La ternura es una palabra hermosa. Gabriela Mistral (1889-1957), poetisa chilena, premio Nobel de Literatura, tiene un bello libro de poesías escrito en 1924 y titulado: “Ternura”. Y mi buen amigo Jaime Rodríguez Sacristán, psiquiatra, catedrático de la Universidad de Sevilla, ha escrito un libro que merece ser leído. “Elogio de la ternura”. Y este subtítulo: “Sobre la necesidad de la ternura en un mundo de desamor”.
Para Rodríguez Sacristán la ternura es “una necesidad profunda sentida por todas las personas en todas las edades y una de las experiencias vitales más llenas de emoción y esperanza”. Lo contrario de la ternura es el desamor. Conocer el camino que lleva de la ternura al desamor es uno de los objetivos de su libro: “identificar lo que ocurre, las causas, las reacciones en cada historia personal de desencuentro”.
¿Y cómo definir la ternura?
–Ninguna palabra puede expresar por sí sola –dice Rodríguez Sacristán– qué es la ternura. Para poder entenderla tendremos que recurrir a las palabras de la ternura, un conjunto de vocablos que reunidos forman el universo de la ternura, una constelación con muchas estrellas vivas y activas que viene de muy lejos o de más cerca, que unidas entre sí por lazos invisibles forman un todo, un conjunto que va a tener un valor decisivo en el devenir de la persona.
Y señala una serie de vocablos que conforman la constelación de la ternura.
–Las palabras más cercanas a la ternura son: cariño, caricia, simpatía, acercamiento, sonrisa, dulzura, acogimiento, calor, generosidad, protección, seguridad, confianza, consuelo, inocencia, agrado, suavidad, limpieza y el cuido atento a otras personas.
Rodríguez Sacristán se pregunta después por qué la ternura es tan frágil y vulnerable en el tejido de querer y ser querido.
–Si nos atenemos a la experiencia diaria, la respuesta es contundente: el desamor es la regla y lo esperable; no en todos los seres humanos pero sí en una preocupante proporción. Cuesta creer este hecho, pero los datos, la tradición, la sabiduría popular y la experiencia lo confirman. Cuesta creer que los seres humanos sean tan mudables en los sentimientos y que se lleven tan pronto a la incomunicación, a la agresividad, a los conflictos innecesarios, a las discusiones absurdas, a la torpeza de egoísmos tan simples, al descontrol de las palabras y de los hechos, y a la facilidad para convertir en naufragio lo que empezó siendo bello y tierno paseo al atardecer o un encuentro esperanzador.

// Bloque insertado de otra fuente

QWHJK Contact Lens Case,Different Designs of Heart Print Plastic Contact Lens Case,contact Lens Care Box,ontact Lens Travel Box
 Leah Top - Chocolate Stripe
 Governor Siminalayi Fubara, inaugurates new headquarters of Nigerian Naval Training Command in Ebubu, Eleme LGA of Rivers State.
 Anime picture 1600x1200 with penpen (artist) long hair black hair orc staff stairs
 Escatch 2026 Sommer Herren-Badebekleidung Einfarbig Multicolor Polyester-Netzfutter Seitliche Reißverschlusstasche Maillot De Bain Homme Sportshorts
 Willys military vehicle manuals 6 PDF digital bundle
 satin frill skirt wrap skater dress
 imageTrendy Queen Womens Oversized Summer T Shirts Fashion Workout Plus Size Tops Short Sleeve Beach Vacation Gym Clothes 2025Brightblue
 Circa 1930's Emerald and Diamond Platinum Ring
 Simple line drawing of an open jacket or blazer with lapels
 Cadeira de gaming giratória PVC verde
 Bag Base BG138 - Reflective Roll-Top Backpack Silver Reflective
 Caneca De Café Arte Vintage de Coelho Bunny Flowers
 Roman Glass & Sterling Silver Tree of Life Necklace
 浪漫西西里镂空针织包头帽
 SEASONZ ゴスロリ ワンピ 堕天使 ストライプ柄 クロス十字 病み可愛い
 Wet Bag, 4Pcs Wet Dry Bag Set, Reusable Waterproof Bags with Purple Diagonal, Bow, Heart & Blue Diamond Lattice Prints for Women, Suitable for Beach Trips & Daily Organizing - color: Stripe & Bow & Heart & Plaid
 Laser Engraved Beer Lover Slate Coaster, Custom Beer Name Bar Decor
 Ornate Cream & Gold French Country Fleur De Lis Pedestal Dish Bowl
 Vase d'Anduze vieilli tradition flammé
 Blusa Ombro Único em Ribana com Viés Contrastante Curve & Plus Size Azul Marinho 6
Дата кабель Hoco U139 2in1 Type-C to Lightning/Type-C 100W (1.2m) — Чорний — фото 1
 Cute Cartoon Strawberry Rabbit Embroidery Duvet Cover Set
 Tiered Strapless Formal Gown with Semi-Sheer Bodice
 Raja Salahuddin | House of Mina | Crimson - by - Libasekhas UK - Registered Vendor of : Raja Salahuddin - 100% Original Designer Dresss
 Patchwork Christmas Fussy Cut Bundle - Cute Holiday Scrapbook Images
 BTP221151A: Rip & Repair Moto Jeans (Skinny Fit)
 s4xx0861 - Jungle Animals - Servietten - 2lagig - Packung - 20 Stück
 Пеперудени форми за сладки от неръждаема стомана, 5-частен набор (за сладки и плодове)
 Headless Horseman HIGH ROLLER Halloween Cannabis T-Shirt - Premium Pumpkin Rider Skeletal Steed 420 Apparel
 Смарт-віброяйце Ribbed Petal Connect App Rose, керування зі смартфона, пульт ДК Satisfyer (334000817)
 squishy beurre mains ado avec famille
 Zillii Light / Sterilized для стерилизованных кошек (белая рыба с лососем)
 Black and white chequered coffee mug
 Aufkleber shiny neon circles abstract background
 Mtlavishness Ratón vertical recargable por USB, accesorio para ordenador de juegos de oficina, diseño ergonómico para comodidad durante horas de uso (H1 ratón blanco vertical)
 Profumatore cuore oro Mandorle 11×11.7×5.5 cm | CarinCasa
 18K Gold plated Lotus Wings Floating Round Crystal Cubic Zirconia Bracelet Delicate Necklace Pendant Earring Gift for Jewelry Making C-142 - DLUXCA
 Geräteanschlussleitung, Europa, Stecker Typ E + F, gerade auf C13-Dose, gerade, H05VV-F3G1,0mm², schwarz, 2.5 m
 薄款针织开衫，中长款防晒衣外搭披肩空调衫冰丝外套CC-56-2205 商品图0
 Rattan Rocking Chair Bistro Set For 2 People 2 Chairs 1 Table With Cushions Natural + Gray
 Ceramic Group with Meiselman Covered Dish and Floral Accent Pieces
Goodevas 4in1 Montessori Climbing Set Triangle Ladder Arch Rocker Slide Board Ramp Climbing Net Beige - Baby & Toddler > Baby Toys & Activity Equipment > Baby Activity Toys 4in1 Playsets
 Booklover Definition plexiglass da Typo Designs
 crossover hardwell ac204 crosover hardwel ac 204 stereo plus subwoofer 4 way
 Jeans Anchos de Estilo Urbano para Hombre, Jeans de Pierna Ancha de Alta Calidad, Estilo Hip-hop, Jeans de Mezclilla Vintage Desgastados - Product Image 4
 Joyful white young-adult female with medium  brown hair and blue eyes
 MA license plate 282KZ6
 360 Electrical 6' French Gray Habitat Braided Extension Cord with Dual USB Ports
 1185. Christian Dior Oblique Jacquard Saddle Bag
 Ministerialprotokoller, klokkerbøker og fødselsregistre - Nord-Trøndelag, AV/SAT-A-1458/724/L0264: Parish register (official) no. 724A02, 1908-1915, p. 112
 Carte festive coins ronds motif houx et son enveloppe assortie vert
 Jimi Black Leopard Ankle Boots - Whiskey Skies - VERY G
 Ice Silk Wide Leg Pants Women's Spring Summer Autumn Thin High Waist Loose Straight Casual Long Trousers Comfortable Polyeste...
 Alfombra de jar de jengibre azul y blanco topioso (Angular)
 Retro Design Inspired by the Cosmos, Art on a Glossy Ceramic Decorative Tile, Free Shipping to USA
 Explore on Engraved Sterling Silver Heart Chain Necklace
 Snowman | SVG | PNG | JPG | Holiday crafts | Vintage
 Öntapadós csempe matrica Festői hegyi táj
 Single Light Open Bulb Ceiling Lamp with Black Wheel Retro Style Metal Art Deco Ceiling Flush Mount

Sacristán termina su libro con un interrogante: ¿Cuál es el futuro de la ternura y el desamor? En verdad, no parece muy optimista que en los próximos años la ternura prevalezca sobre el desamor. Y termina con una frase de san Juan de la Cruz, que pronunció meses antes de morir. Trata de consolar a sus monjas de Segovia, molestas con los prelados. El Santo responde en una carta a María de la Encarnación:
—Piense que todo lo ordena Dios. Y donde no hay amor, ponga amor y sacará amor.
Pues que así sea.
Con estos deseos de quien no siempre cumple lo que escribe recibid mi FELICITACIÓN NAVIDEÑA. El corazón se esponja en estos días. Lo difícil es que la TERNURA de la Navidad se prolongue por los días continuos y anodinos de todo un año.